De rechtbank is van oordeel dat het dossier geen aanknopingspunten biedt voor het door de verdachte opgeworpen alternatieve scenario dat de verwondingen van aangever zijn ontstaan doordat aangever in het mes liep. Dit past niet bij de bewoordingen die verdachte heeft gebruikt bij de 112-melding en bij zijn aanhouding en voorgeleiding. De rechtbank heeft geen aanleiding om aan te nemen dat de processen-verbaal die van die aanhouding en voorgeleiding zijn opgemaakt een verkeerde weergave vormen van hetgeen verdachte heeft gezegd.
De rechtbank stelt derhalve vast dat verdachte één maal met een mes onder het middenrif, in de buikstreek van aangever, heeft gestoken. De vraag is of verdachte daarmee (voorwaardelijk) opzet heeft gehad op de dood van aangever. Het dossier bevat geen aanwijzingen dat verdachte de bedoeling heeft gehad om aangever van het leven te beroven. De rechtbank is van oordeel dat daarom niet kan worden vastgesteld dat er sprake was van zogenoemd ‘vol opzet’ op de dood van aangever.
Voorwaardelijk opzet op de dood kan bewezen worden geacht als verdachte willens en wetens de aanmerkelijke kans heeft aanvaard dat aangever door de messteek zou komen te overlijden. De rechtbank overweegt dat het een feit van algemene bekendheid is dat het steken met een mes in de buik van een ander een aanmerkelijke kans op de dood in het leven roept. In dat gebied van het lichaam bevinden zich immers slagaders en organen die belangrijk zijn voor de levensfunctie van het lichaam. Door te handelen zoals verdachte heeft gedaan heeft hij die kans op de dood van aangever ook willens en wetens aanvaard. Dat dit gevolg niet is ingetreden, is niet het gevolg van het handelen van verdachte. De rechtbank is dan ook van oordeel dat wettig en overtuigend bewezen kan worden dat verdachte het primair ten laste gelegde, namelijk een poging tot doodslag, heeft begaan.
Voor het primair onder het tweede gedachtestreepje tenlastegelegde handelen bevat het dossier geen bewijs, zodat de rechtbank de verdachte daarvan zal vrijspreken.
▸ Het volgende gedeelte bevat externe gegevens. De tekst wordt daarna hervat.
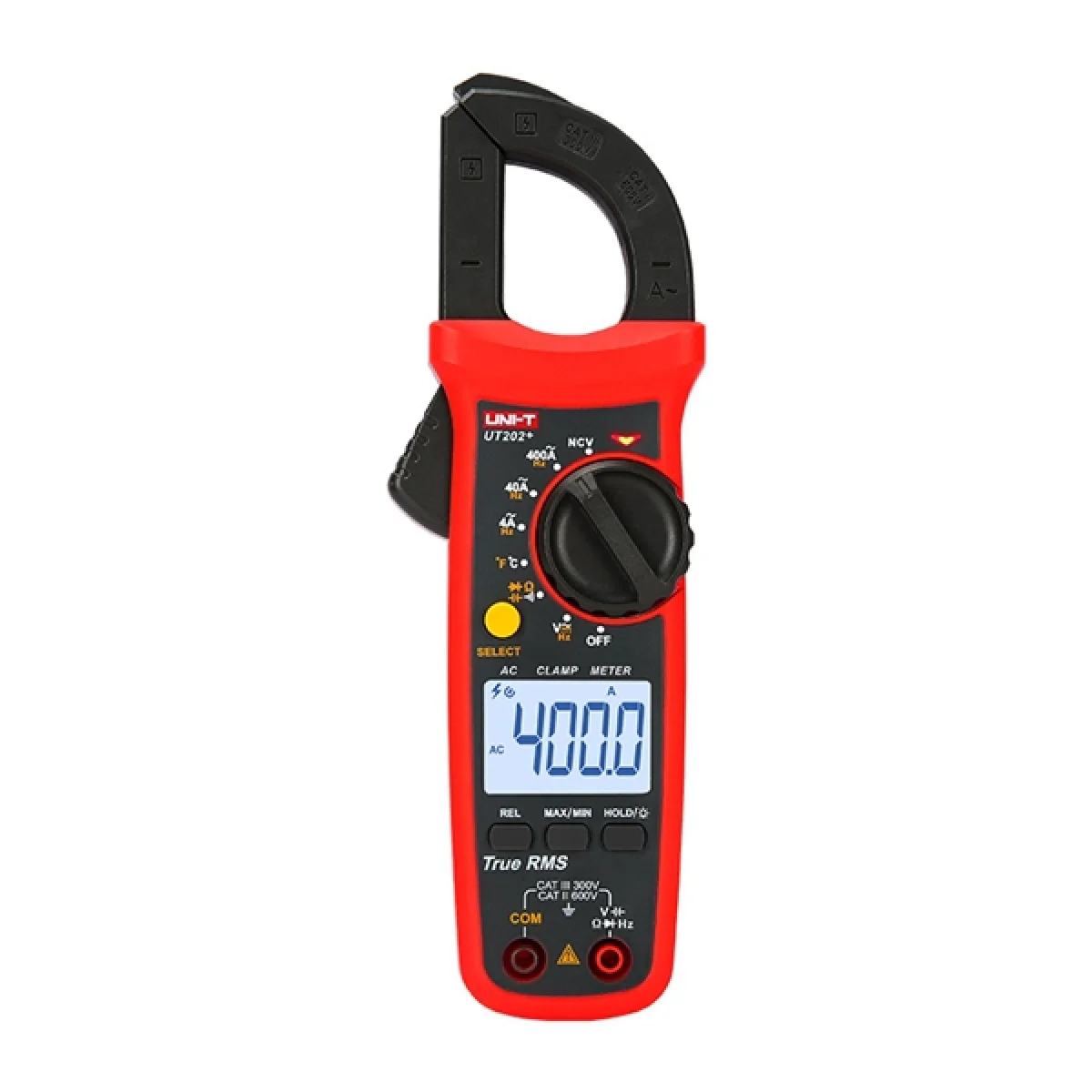 UNI-T UT202+ 400A AC Dijital Pensampemetre - Olimpiyat Otomasyon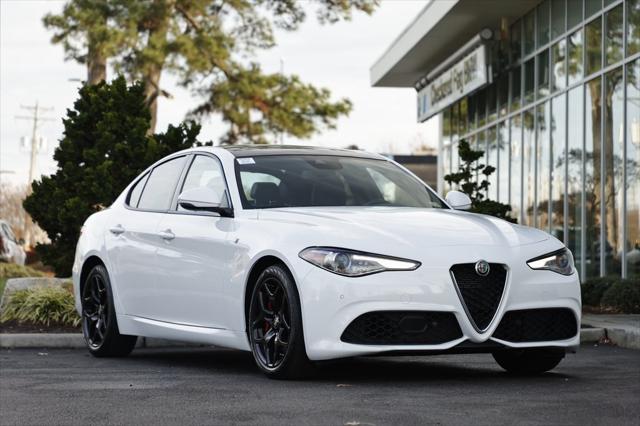 2023 Alfa Romeo Giulia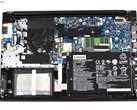 Cooling system of the Lenovo ThinkPad E15 is overtaxed with AMD Radeon RX 640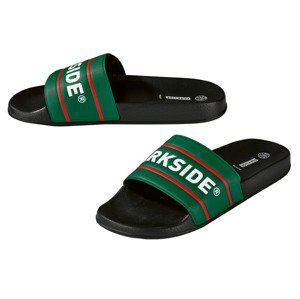 Parkside® Pánské pantofle (41, černá)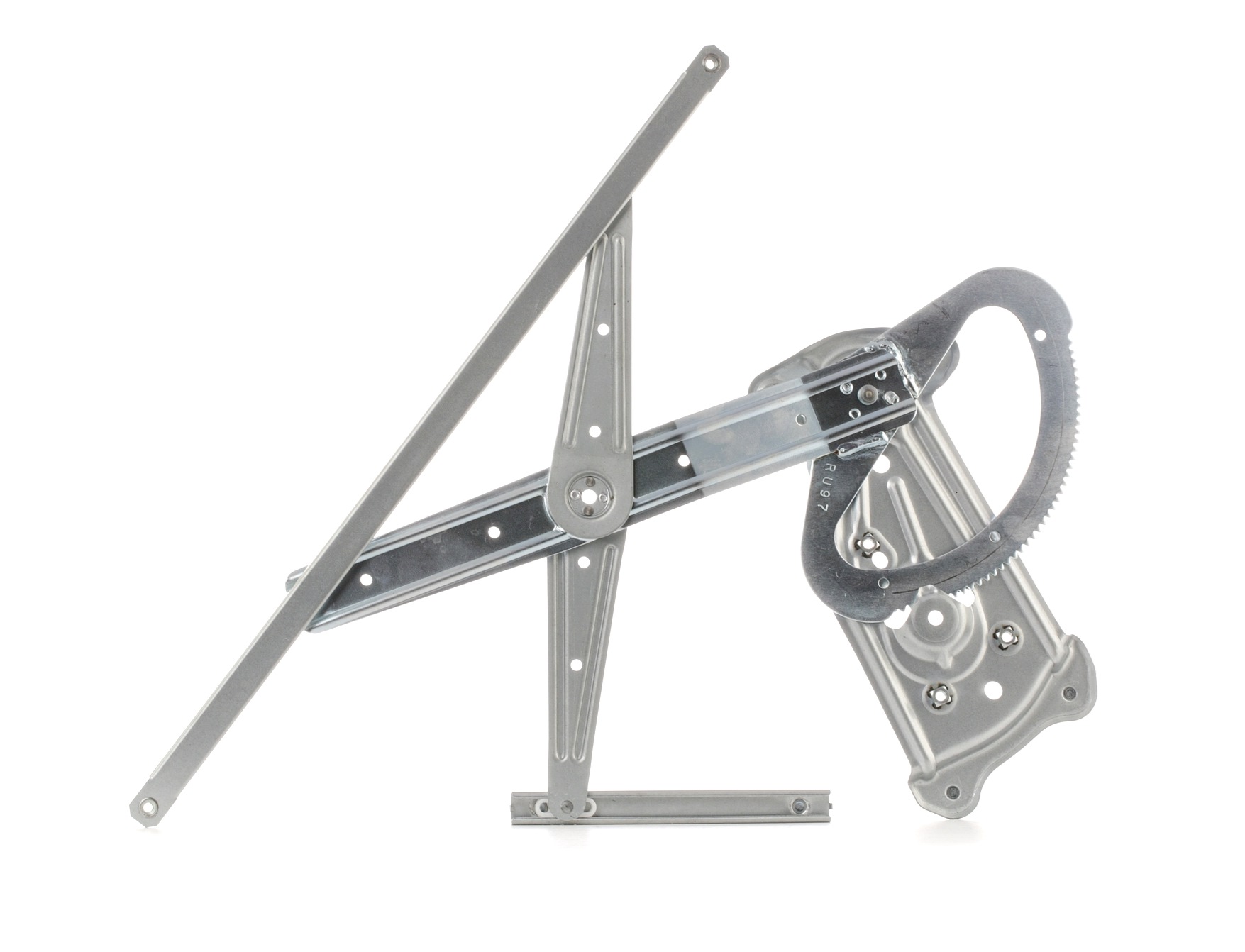 RIDEX Ikkunannostin RENAULT 1561W0500 807210007R,807212569R Lasinnostin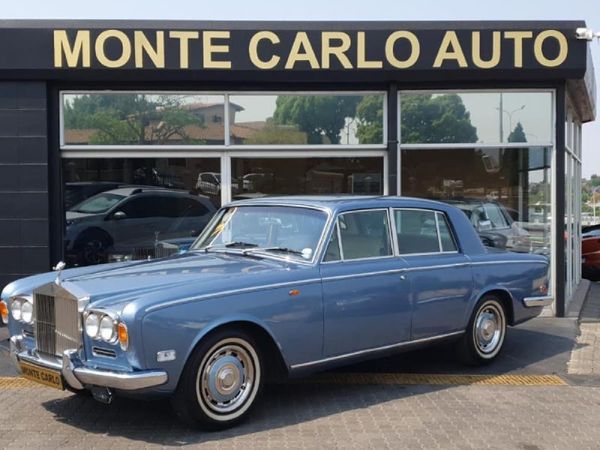 Used Rolls-Royce Silver Shadow for sale in Gauteng - Cars.co.za (ID ...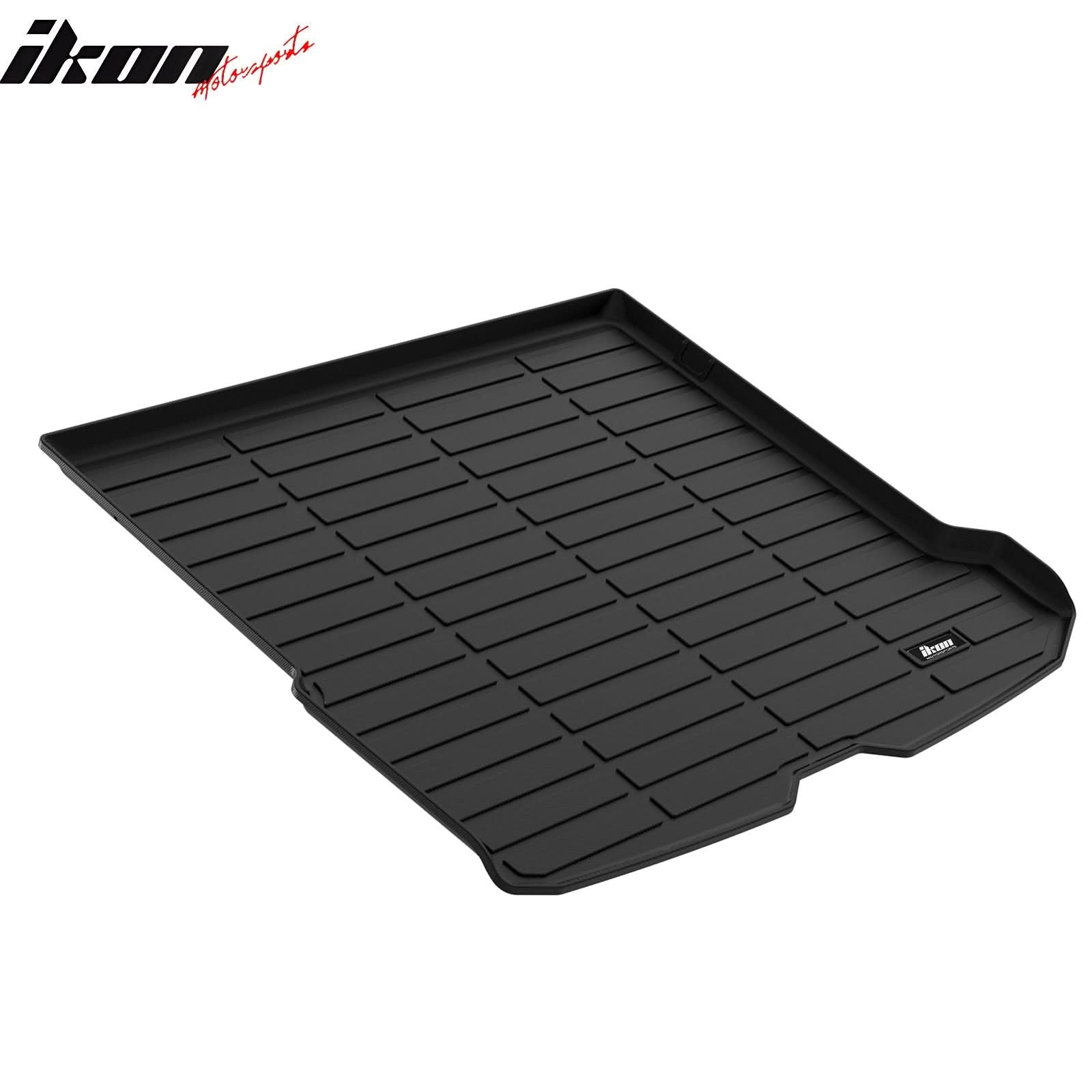2023-2025 Benz X254 GLC-Class 3D All Weather Cargo Trunk Tray Mats TPE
Ook van hetgeen verdachte onder het derde gedachtestreepje is verweten, zal hij worden vrijgesproken aangezien deze handeling niet de aanmerkelijke kans op de dood in het leven roept.

3.De bewezenverklaring

Naar het oordeel van de rechtbank is wettig en overtuigend bewezen dat verdachte het primair tenlastegelegde heeft begaan, te weten dat:
hij op
of omstreeks10 mei 2022 te Tiel, ter uitvoering van het door verdachte voorgenomen misdrijf om [slachtoffer] opzettelijk van het leven te beroven, met dat opzet, met een mes
, althans een scherp en/of puntig voorwerp,die [verdachte]
- één of meerdere malen in
/op/tegen één ofmeerdere (vitale) organen en
/of het bovenlichaam, althansde buik-/maagstreek (net onder het middenrif), heeft gestoken
en/of gesneden en/of
- (vervolgens), terwijl dat mes (althans scherp en/of puntig voorwerp) in het bovenlichaam van die [slachtoffer] zat, één of meerdere malen tegen dat mes heeft (aan)geduwd en/of met dat mes heeft gewrikt en/of
- in/op/tegen de (linker)hand heeft gestoken en/of gesnedenterwijl de uitvoering van dat voorgenomen misdrijf niet is voltooid.
Voor zover er in de tenlastelegging kennelijke taal- en/of schrijffouten voorkomen, zijn die fouten verbeterd in de bewezenverklaring. Verdachte is daardoor niet in de verdediging geschaad.
Wat meer of anders is ten laste gelegd dan hiervoor bewezen is verklaard, is niet bewezen.
Verdachte zal daarvan worden vrijgesproken.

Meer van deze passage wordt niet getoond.